>>

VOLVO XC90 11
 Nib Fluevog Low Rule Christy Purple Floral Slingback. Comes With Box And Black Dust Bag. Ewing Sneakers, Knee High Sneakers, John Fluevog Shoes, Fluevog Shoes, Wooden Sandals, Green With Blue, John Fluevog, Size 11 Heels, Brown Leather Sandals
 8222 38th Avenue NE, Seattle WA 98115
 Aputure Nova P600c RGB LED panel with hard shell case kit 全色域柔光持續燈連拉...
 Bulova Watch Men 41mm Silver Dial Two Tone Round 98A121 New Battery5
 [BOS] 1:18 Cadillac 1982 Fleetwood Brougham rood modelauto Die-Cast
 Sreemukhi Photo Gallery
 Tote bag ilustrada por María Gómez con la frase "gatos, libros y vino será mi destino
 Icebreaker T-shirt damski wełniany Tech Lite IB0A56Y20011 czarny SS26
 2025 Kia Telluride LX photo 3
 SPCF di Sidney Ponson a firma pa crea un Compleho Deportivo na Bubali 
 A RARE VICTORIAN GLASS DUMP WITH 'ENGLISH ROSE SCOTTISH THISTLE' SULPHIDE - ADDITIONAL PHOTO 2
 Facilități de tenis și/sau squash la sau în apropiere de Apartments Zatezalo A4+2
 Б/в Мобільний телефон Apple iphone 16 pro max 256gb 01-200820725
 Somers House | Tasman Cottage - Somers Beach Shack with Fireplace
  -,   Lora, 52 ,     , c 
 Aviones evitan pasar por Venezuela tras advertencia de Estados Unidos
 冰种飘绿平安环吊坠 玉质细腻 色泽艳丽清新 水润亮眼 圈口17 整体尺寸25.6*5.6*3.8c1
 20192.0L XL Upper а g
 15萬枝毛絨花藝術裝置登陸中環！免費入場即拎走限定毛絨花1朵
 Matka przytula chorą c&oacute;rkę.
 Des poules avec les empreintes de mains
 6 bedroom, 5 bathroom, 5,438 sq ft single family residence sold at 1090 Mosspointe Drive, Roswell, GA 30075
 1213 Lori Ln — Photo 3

<<

- [Task to carry out]:
Restating every entry above word for word is the whole task.

- [Answer for this exercise]:
VOLVO XC90 11
 Nib Fluevog Low Rule Christy Purple Floral Slingback. Comes With Box And Black Dust Bag. Ewing Sneakers, Knee High Sneakers, John Fluevog Shoes, Fluevog Shoes, Wooden Sandals, Green With Blue, John Fluevog, Size 11 Heels, Brown Leather Sandals
 8222 38th Avenue NE, Seattle WA 98115
 Aputure Nova P600c RGB LED panel with hard shell case kit 全色域柔光持續燈連拉...
 Bulova Watch Men 41mm Silver Dial Two Tone Round 98A121 New Battery5
 [BOS] 1:18 Cadillac 1982 Fleetwood Brougham rood modelauto Die-Cast
 Sreemukhi Photo Gallery
 Tote bag ilustrada por María Gómez con la frase "gatos, libros y vino será mi destino
 Icebreaker T-shirt damski wełniany Tech Lite IB0A56Y20011 czarny SS26
 2025 Kia Telluride LX photo 3
 SPCF di Sidney Ponson a firma pa crea un Compleho Deportivo na Bubali 
 A RARE VICTORIAN GLASS DUMP WITH 'ENGLISH ROSE SCOTTISH THISTLE' SULPHIDE - ADDITIONAL PHOTO 2
 Facilități de tenis și/sau squash la sau în apropiere de Apartments Zatezalo A4+2
 Б/в Мобільний телефон Apple iphone 16 pro max 256gb 01-200820725
 Somers House | Tasman Cottage - Somers Beach Shack with Fireplace
  -,   Lora, 52 ,     , c 
 Aviones evitan pasar por Venezuela tras advertencia de Estados Unidos
 冰种飘绿平安环吊坠 玉质细腻 色泽艳丽清新 水润亮眼 圈口17 整体尺寸25.6*5.6*3.8c1
 20192.0L XL Upper а g
 15萬枝毛絨花藝術裝置登陸中環！免費入場即拎走限定毛絨花1朵
 Matka przytula chorą c&oacute;rkę.
 Des poules avec les empreintes de mains
 6 bedroom, 5 bathroom, 5,438 sq ft single family residence sold at 1090 Mosspointe Drive, Roswell, GA 30075
 1213 Lori Ln — Photo 3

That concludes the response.